Image-text web data:
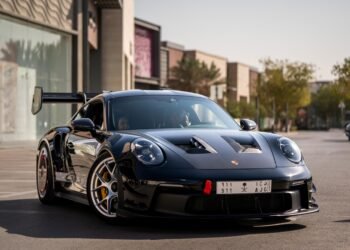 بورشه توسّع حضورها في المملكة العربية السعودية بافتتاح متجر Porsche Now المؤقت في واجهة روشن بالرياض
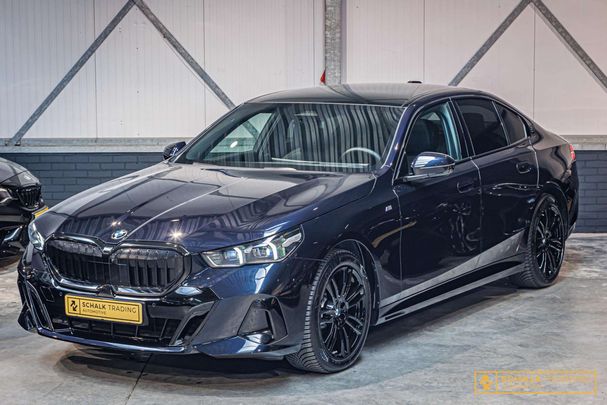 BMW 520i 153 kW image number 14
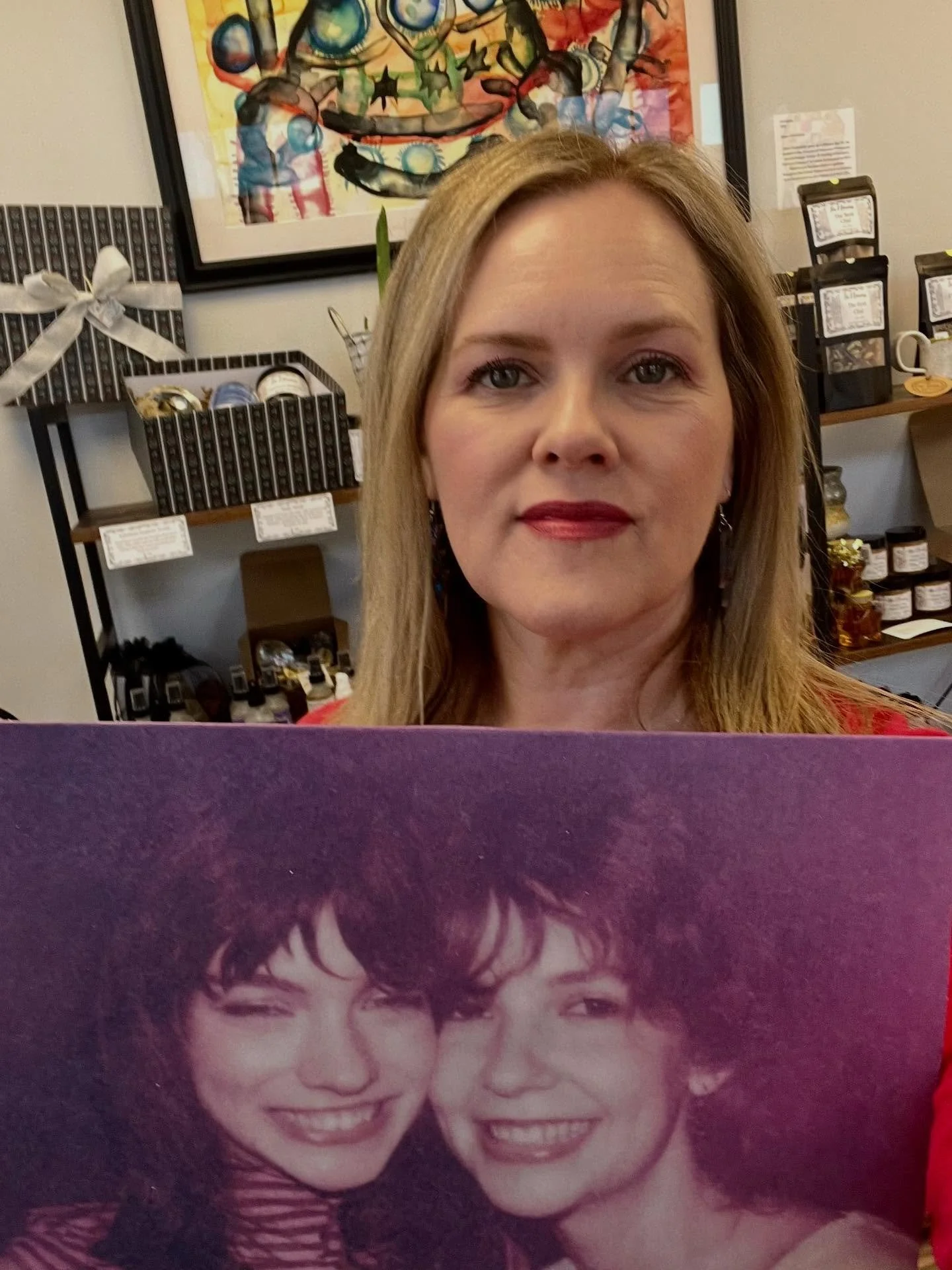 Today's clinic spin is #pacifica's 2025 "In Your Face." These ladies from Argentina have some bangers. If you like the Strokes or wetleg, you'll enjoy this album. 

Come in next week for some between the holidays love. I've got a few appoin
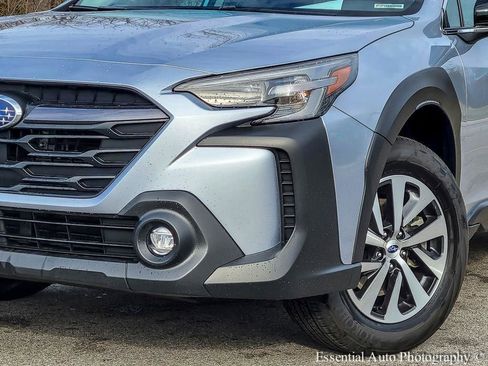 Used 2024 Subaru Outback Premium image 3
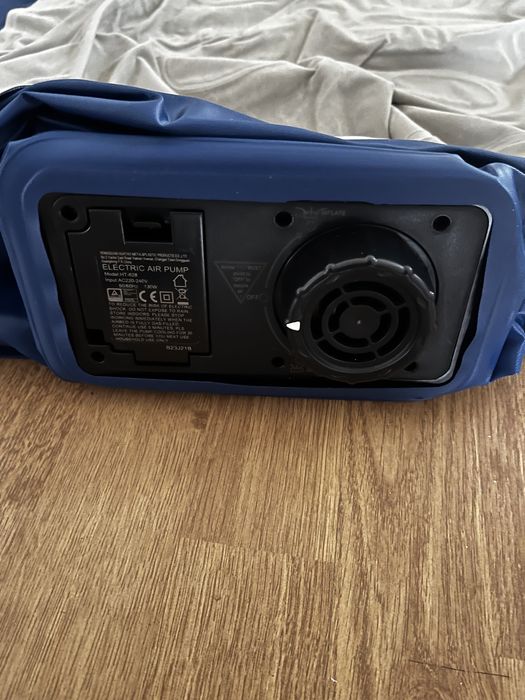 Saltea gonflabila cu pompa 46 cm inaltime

### What to work on:
Output the data exactly. Leave every picture out.

### Solution:
 بورشه توسّع حضورها في المملكة العربية السعودية بافتتاح متجر Porsche Now المؤقت في واجهة روشن بالرياض
 BMW 520i 153 kW image number 14
 Today's clinic spin is #pacifica's 2025 "In Your Face." These ladies from Argentina have some bangers. If you like the Strokes or wetleg, you'll enjoy this album. 

Come in next week for some between the holidays love. I've got a few appoin
 Used 2024 Subaru Outback Premium image 3
 Saltea gonflabila cu pompa 46 cm inaltime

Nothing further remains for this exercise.